• Entries supplied
☆ ☆ ☆ ☆ ☆ ☆ ☆
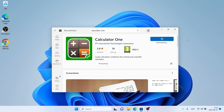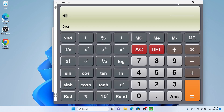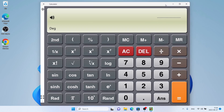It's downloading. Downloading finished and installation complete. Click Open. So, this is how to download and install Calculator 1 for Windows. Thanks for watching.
☆ ☆ ☆ ☆ ☆ ☆ ☆
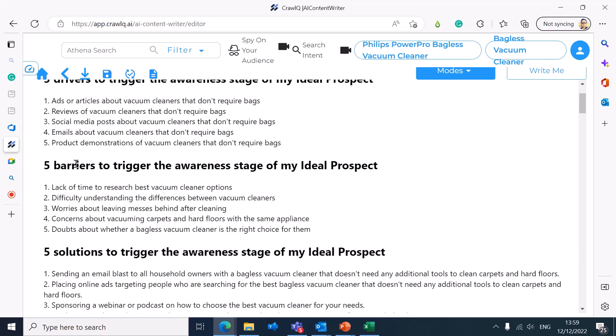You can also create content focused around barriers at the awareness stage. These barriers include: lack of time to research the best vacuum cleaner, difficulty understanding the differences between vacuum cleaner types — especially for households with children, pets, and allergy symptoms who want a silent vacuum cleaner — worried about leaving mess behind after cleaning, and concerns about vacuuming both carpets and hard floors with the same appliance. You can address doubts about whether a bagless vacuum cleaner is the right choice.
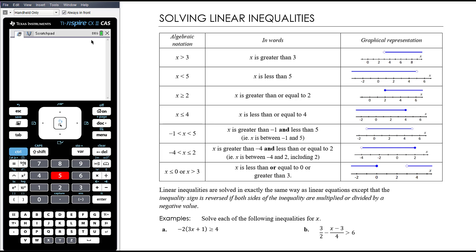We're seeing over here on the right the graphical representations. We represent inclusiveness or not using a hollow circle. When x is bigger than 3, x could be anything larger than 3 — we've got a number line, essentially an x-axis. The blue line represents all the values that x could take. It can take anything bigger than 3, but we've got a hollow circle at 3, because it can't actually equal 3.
☆ ☆ ☆ ☆ ☆ ☆ ☆
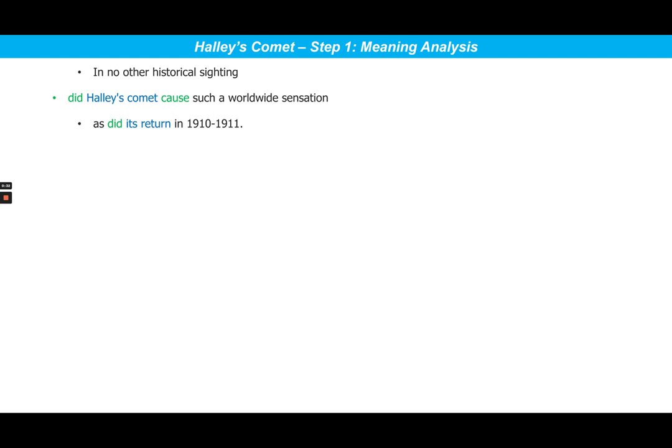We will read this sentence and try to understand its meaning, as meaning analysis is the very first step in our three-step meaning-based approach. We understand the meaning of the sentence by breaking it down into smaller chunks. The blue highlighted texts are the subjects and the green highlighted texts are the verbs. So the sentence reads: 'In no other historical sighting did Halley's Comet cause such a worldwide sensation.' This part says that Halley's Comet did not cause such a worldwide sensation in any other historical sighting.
☆ ☆ ☆ ☆ ☆ ☆ ☆
• Prompt
Starting at the line that contains "You can also" and ending at the line that contains "We're seeing over", transcribe the material above exactly, excluding pictures.

• Output for this task
You can also create content focused around barriers at the awareness stage. These barriers include: lack of time to research the best vacuum cleaner, difficulty understanding the differences between vacuum cleaner types — especially for households with children, pets, and allergy symptoms who want a silent vacuum cleaner — worried about leaving mess behind after cleaning, and concerns about vacuuming both carpets and hard floors with the same appliance. You can address doubts about whether a bagless vacuum cleaner is the right choice.
We're seeing over here on the right the graphical representations. We represent inclusiveness or not using a hollow circle. When x is bigger than 3, x could be anything larger than 3 — we've got a number line, essentially an x-axis. The blue line represents all the values that x could take. It can take anything bigger than 3, but we've got a hollow circle at 3, because it can't actually equal 3.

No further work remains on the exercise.